Some wine-swirling, pretentious, and probably French philosopher (is there any other kind?) once famously said that you can judge a society by looking at how it treats those locked up in its prisons. Well, if that’s true, then The Netherlands is pretty a-okay, because as long as they stay indoors, our inmates can have all the PlayStations, ping-pong tables, and alcohol-free beers they want. Of course this is a cheap, moral judgment; it’s supposed to pretend like there is an easy way to measure a nation’s moral development. But can we twist this little turd of a thought-terminating cliché, and turn it into a cultural question? What if we put Het Koningslied (“King’s Song”) at the center of our anthropological investigation?

Of course, I’m not really going to talk about the out-lash that followed this weekend’s release of Het Koningslied, a crowd-sourced musical travesty that is best described as AIDS translated into soundwaves. Yes, someone somewhere gave a bag of money to an ‘artist’ and told him to write a song for the upcoming abdication of Queen Beatrix and it was predictably awful in every conceivable way. The artist made two minor mistakes: 1) the best song in the history of ever about becoming a king was already made nineteen years ago, 2) it involved every C-rated Dutch artist who refused to die in the last thirty-or-so years. In addition, he also made one major mistake: M) it’s an absolute clusterfuck of brain-farts. When I said the song is a crowd-sourced travesty, I meant that its lyrics (and I’m using that term ever so loosely here) were put together from thousands of suggestions send in by Dutch inhabitants. The result is equal parts comedy and tragedy. The music is like-wise: a confused mix of pop, rap (because of course there is rap), and something vaguely reminiscent of a church choir singing “the forbidden music” while the choirmaster is out of the classroom for a moment. To top it off, the song’s overall tone has been likened to cheesy Christian worship songs (case in point), which is a bit unfair, because in the Christian moral world, at least you have eternal damnation to look forward to. Needless to say, this Frankensteinian approach to music of piecing together spare parts didn’t quite work out and eventually sort-of killed its creator, who withdraw the song after nearly drowning in hate-mail for three days straight.

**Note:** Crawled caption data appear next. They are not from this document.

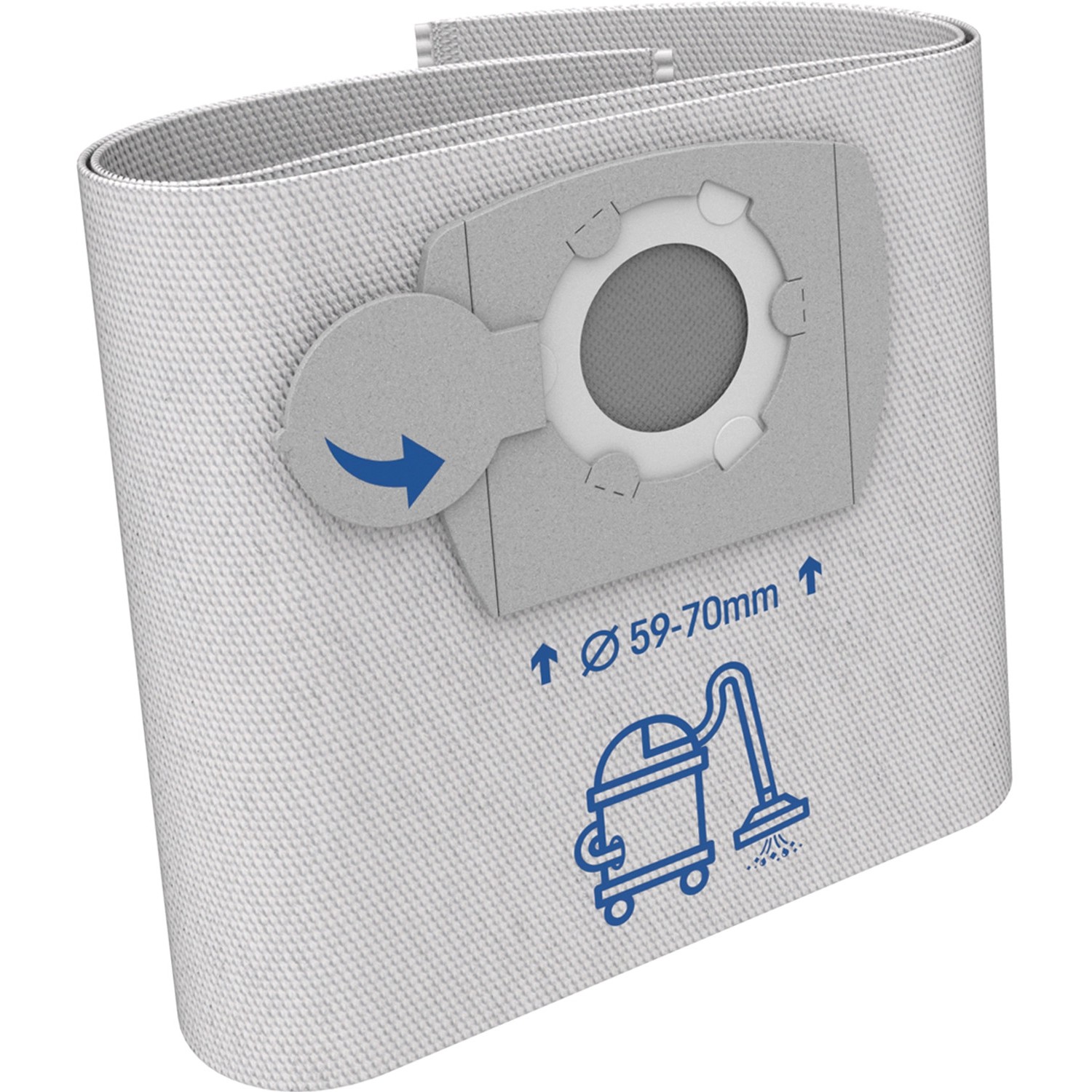 Swirl KÄ 3 Staubsaugerbeutel, 3 Stück, für Nass- und Trockensauger.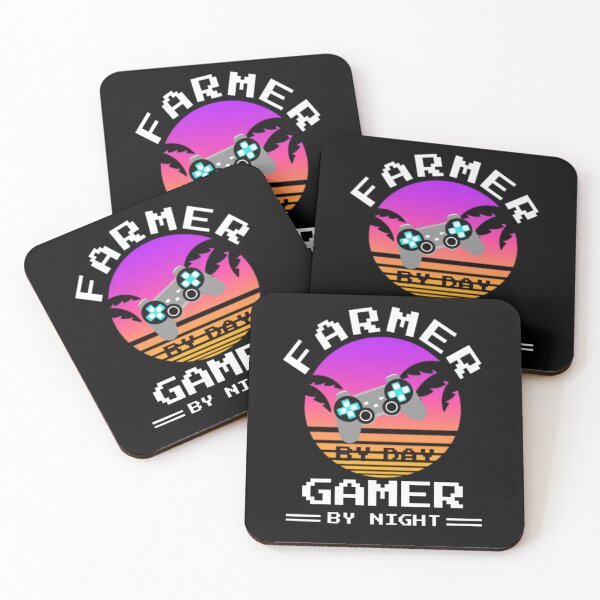 Item preview, farmer by day gamer by night designed and sold by FASHIONMED49.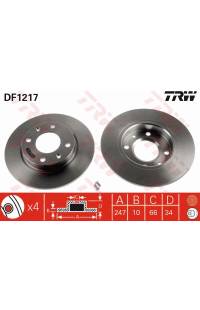 Disco  freno TRW 161-DF1217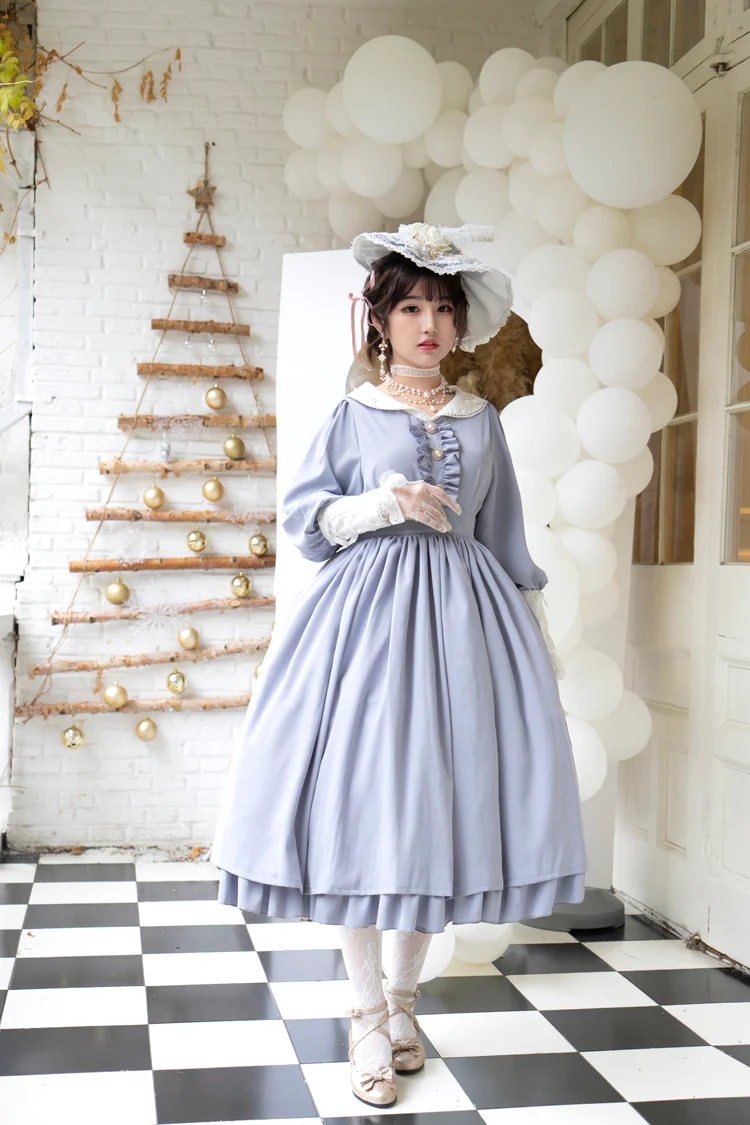 Lola's Diary - Multicolors Classic Lolita Plus Size OP Dress - Image 11
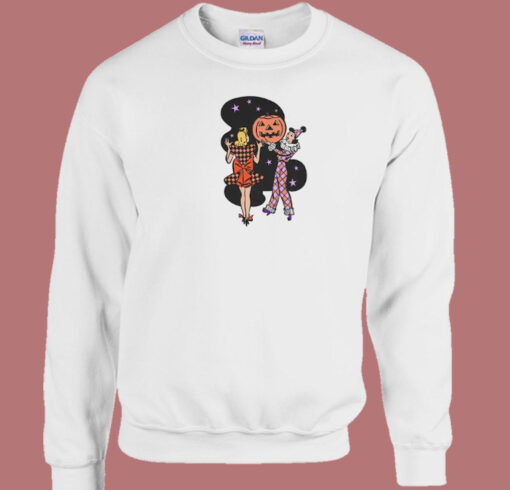 Pumpkin Sircus In Halloween 80s Sweatshirt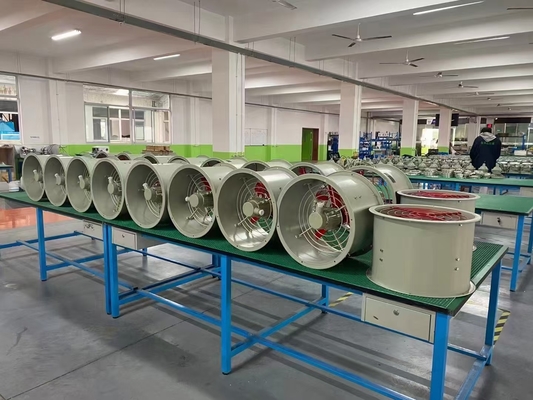 200-750 mm çaplı kıvılcım geçirmez havalandırma vantilatörü 2000-10800m3/h CFM Endüstriyel havalandırma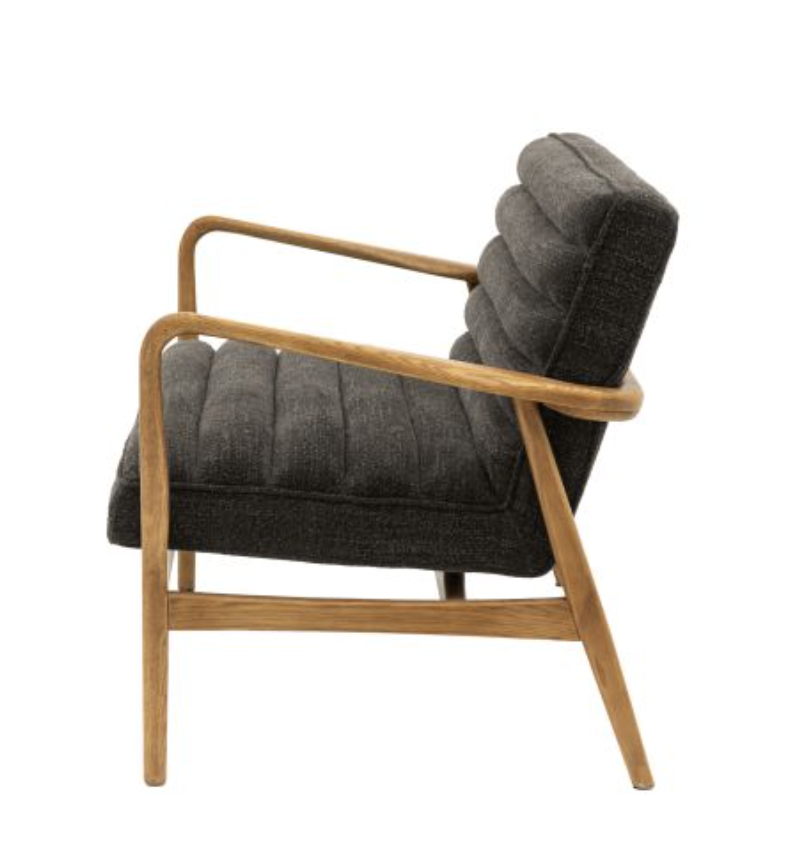 Datsun Charcoal 2 Seater Sofa by Gallery Living | Style Our Home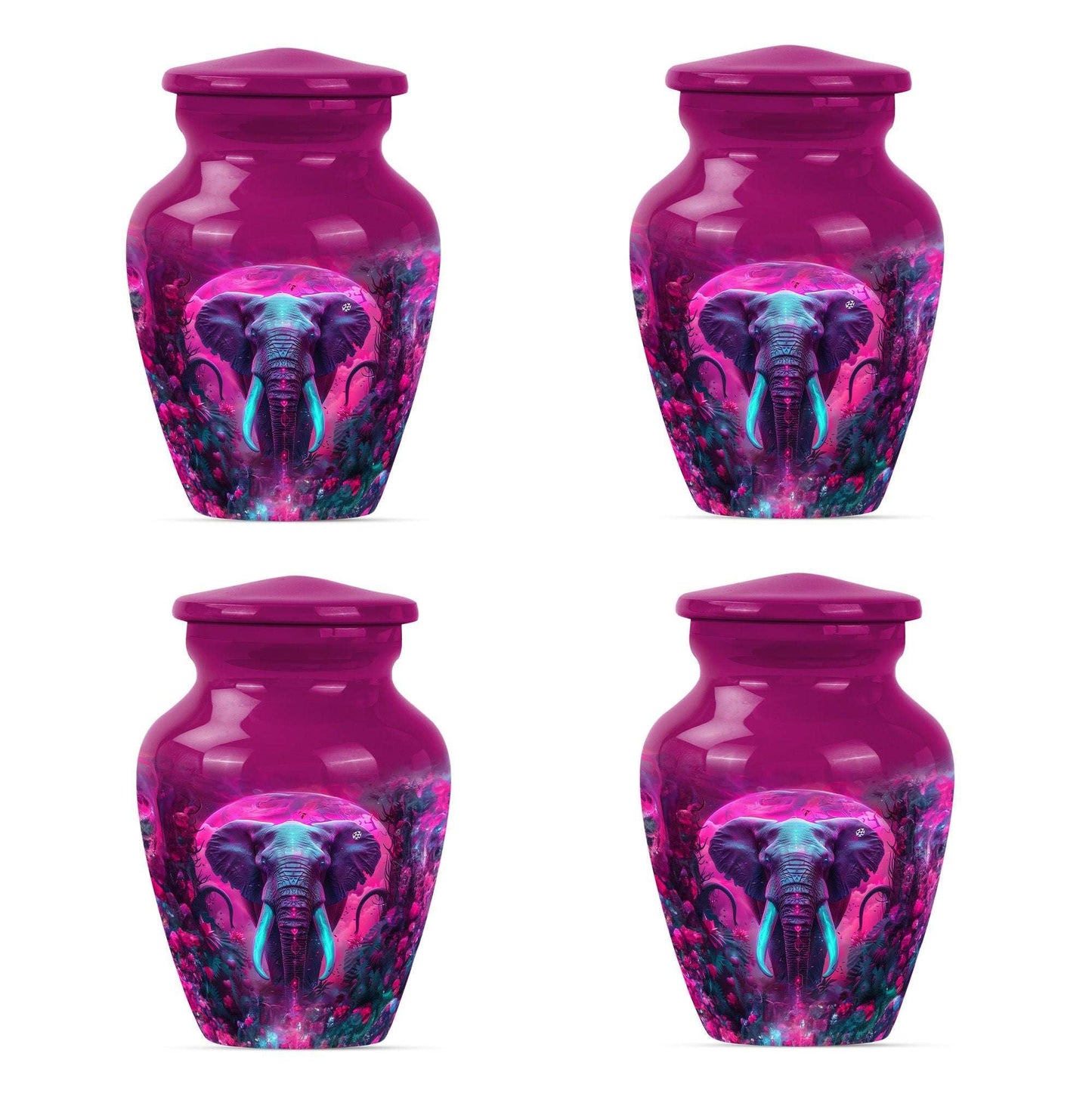 Mamoth Theme 3 Inch Keepsake Pack of 4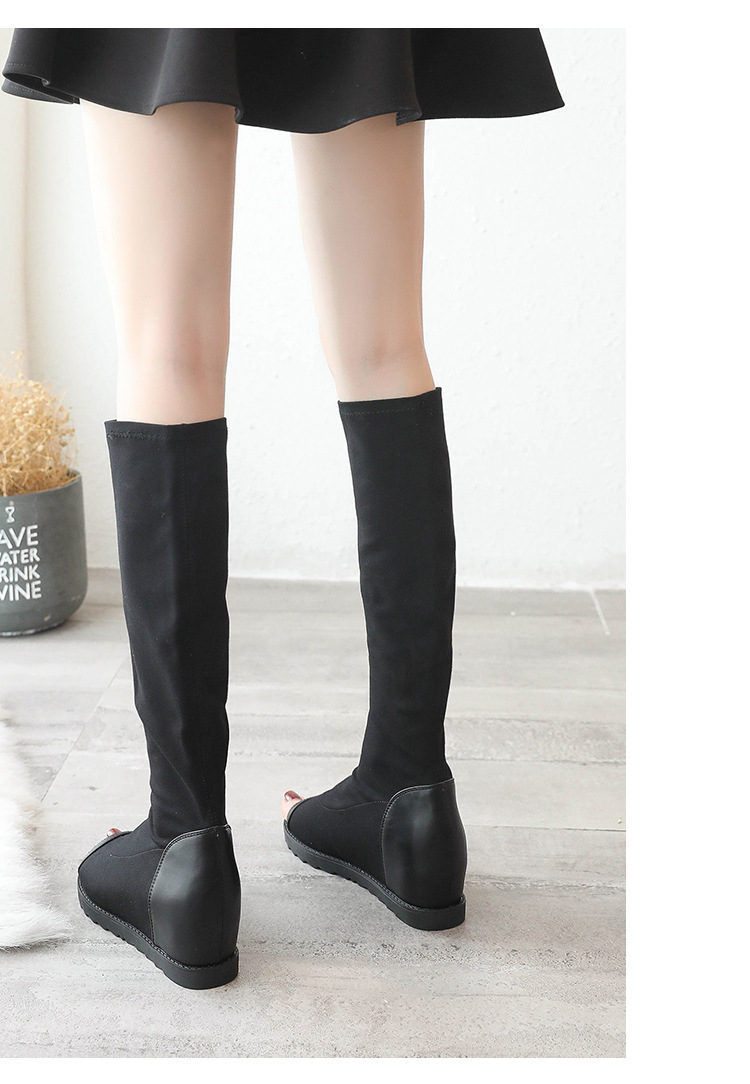 Bottes femme en Tissu élastique - Ref 3354965 Image 13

But why should I talk about that? It’s not like anyone outside of the Netherlands and beyond this week would give a rat’s ass about it, right? It’s not like this news is going to be read on foreign, respected news sites, right? Wrong! Dead wrong: after the people of The Netherlands collectively lost their shit over the King’s Song, people overseas decided to join in on the shame-by-proxy. So here is how we can measure societies today: by how they respond to acts of creativity. And the signs are both good and dreadful: this very Sunday, the eight o’clock news spend almost ten minutes analyzing this event to death; even bringing in linguistics and sociologists to shed their academic light on this phenomenon. What does this say about our society? That we are blessed to have the opportunity to care so much about so little. Truly, we are living in the holiday of history: after all the bullshit and the tragedies of the 20th century, with its trench warfare, nuclear bombings, genocides, and Cold War, we can now finally spend our days happy, merry, and fat. Gone are the great ideological struggles, gone is the nuclear sword of Damocles hanging over a world divided by an Iron Curtain, gone is the Great Depression, and gone is the overall lack of free Internet porn. All that is left for us is to sit back and take the piss on whatever song or movie we choose to love-hate.

Welcome to a Brave New World.

 

UPDATE: Despite the overwhelmingly negative and satirical responses and the decision of the author to retract the song, the committee responsible for the inauguration of the king has decided to stick with it. Hell, because if you want to go retard, you better go full retard.